** WHAT IS EXPECTED **
Exactly retype the lines from the top of the data through the line containing "mau-nail-noel-dep__28__df1c1914bf79497aba284b72942f1e54 Bộ móng", leaving out every picture.
==== PROVIDED ENTRIES
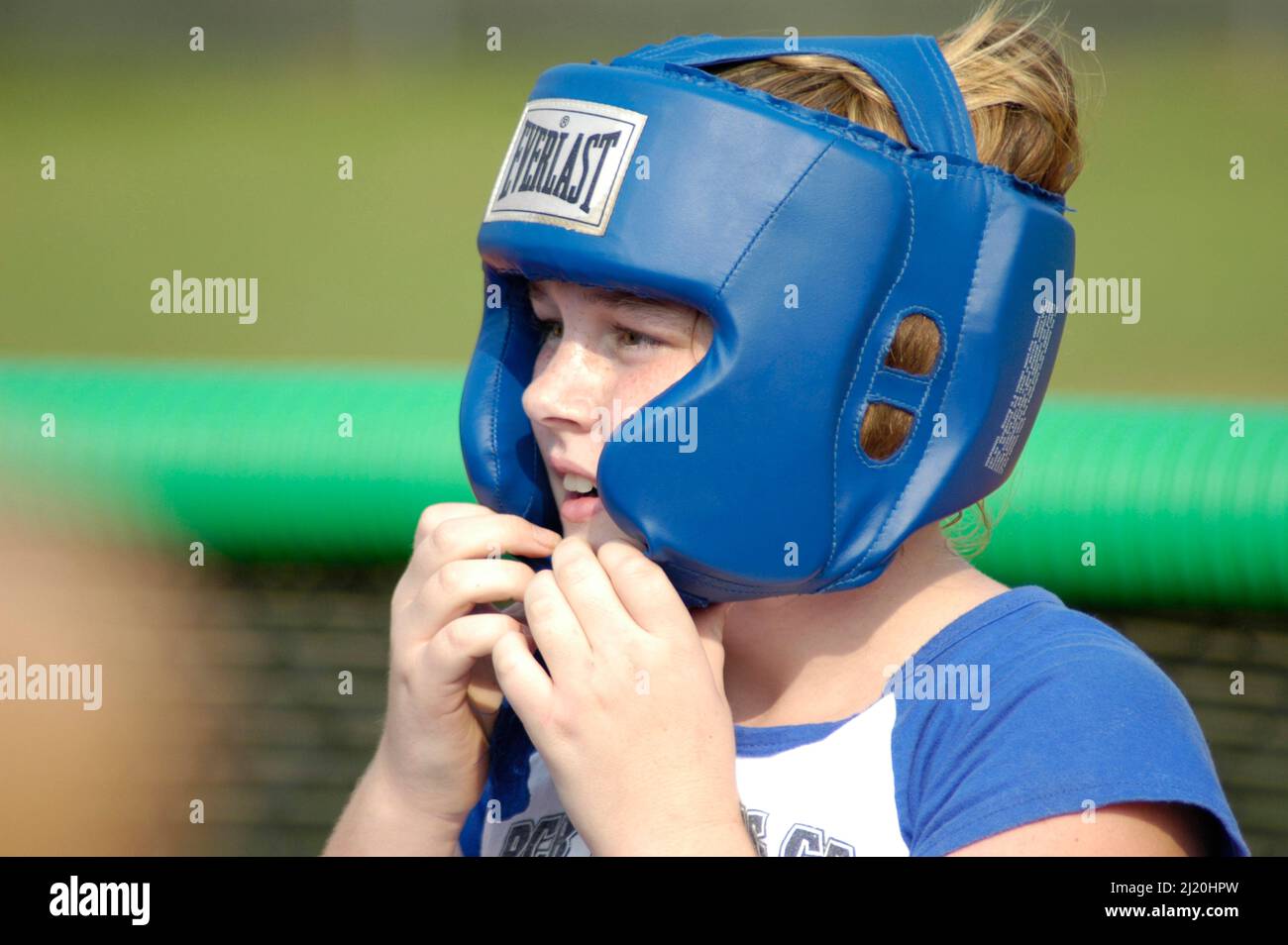 Boy with boxing head gear on for protections from hits and shots to the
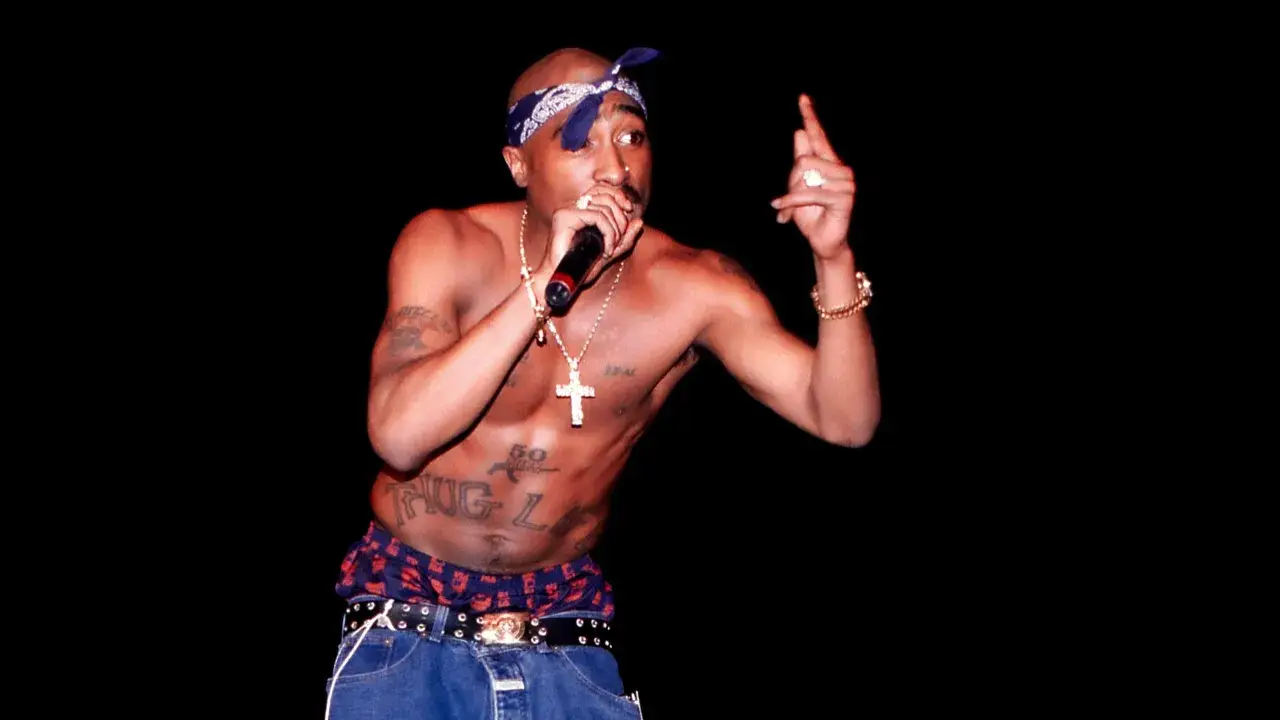 Tupac Shakur na scenie, z mikrofonem w dłoni, w bandanie i z tatuażem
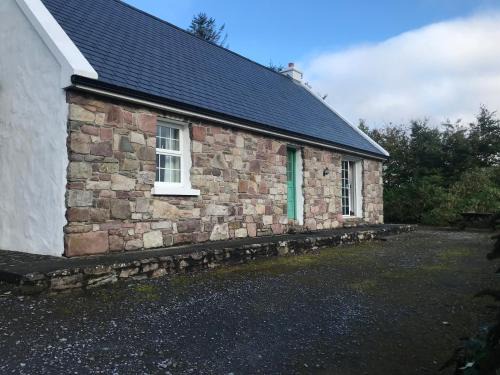 Tourmakeady House | Carraigin Ban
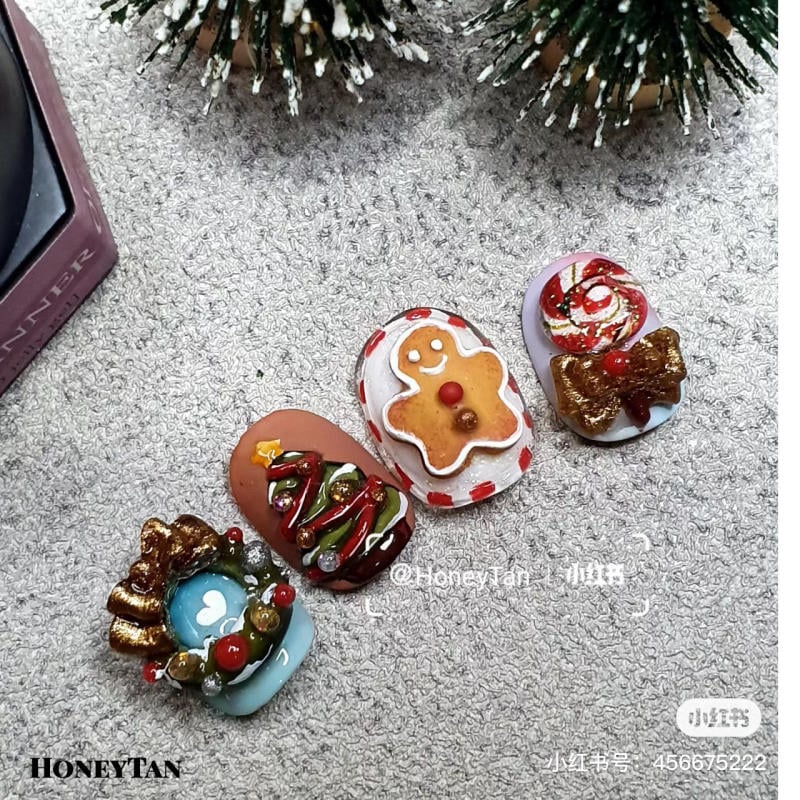 mau-nail-noel-dep__28__df1c1914bf79497aba284b72942f1e54 Bộ móng tay giả trang trí Giáng sinh với hình bánh gừng, kẹo, vòng hoa và cây thông trên nền vải xám.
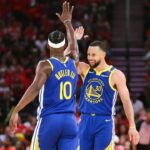 Golden State Warriors guard Stephen Curry (30) celebrates with forward Jimmy Butler III (10) after a play during the third quarter against the Houston Rockets at Toyota Center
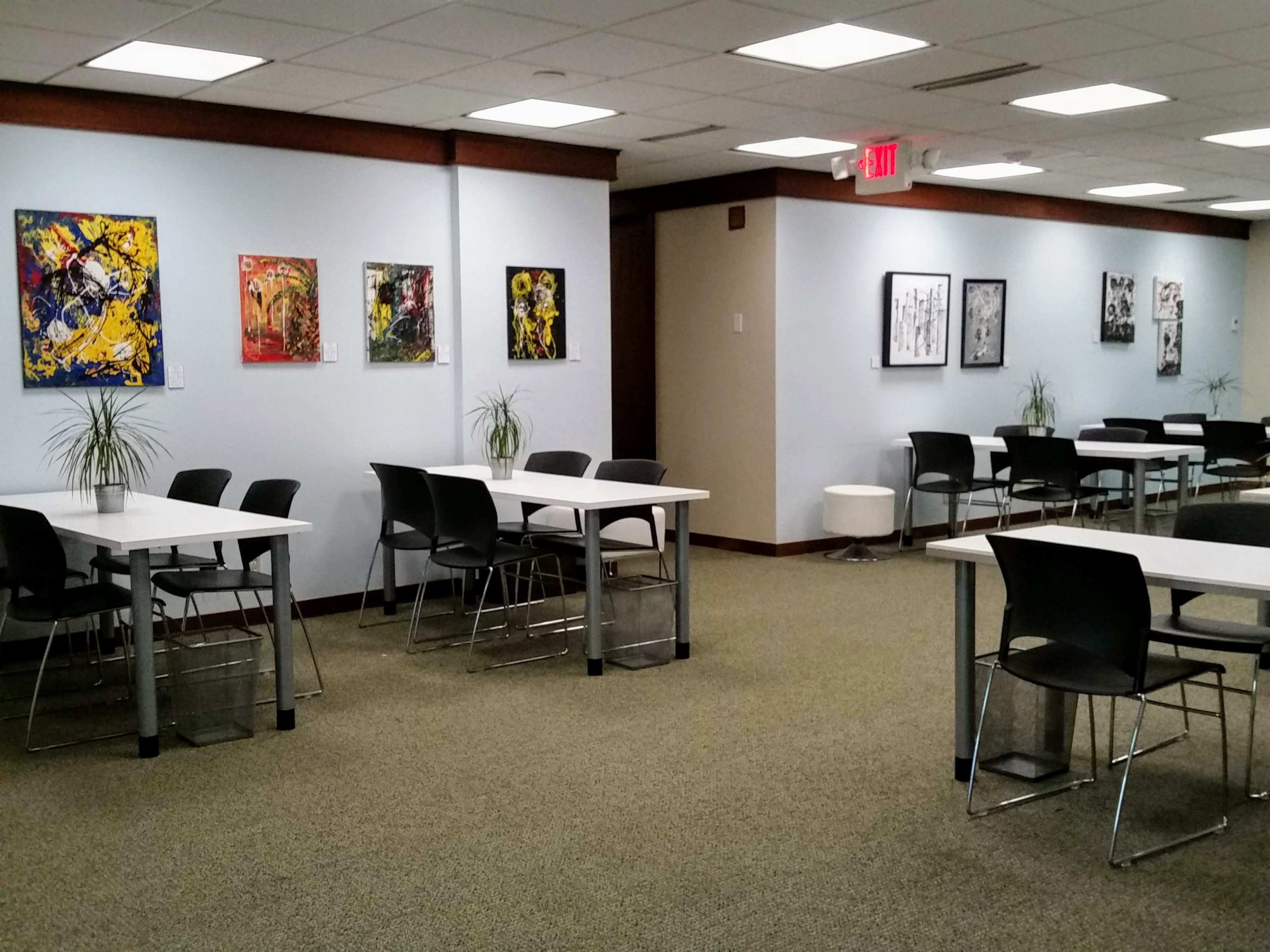 The image shows a spacious room with several tables and chairs, featuring artwork on the walls and plants on the tables.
========
** SOLUTION TO THIS EXERCISE **
 Boy with boxing head gear on for protections from hits and shots to the
 Tupac Shakur na scenie, z mikrofonem w dłoni, w bandanie i z tatuażem
 Tourmakeady House | Carraigin Ban
 mau-nail-noel-dep__28__df1c1914bf79497aba284b72942f1e54 Bộ móng tay giả trang trí Giáng sinh với hình bánh gừng, kẹo, vòng hoa và cây thông trên nền vải xám.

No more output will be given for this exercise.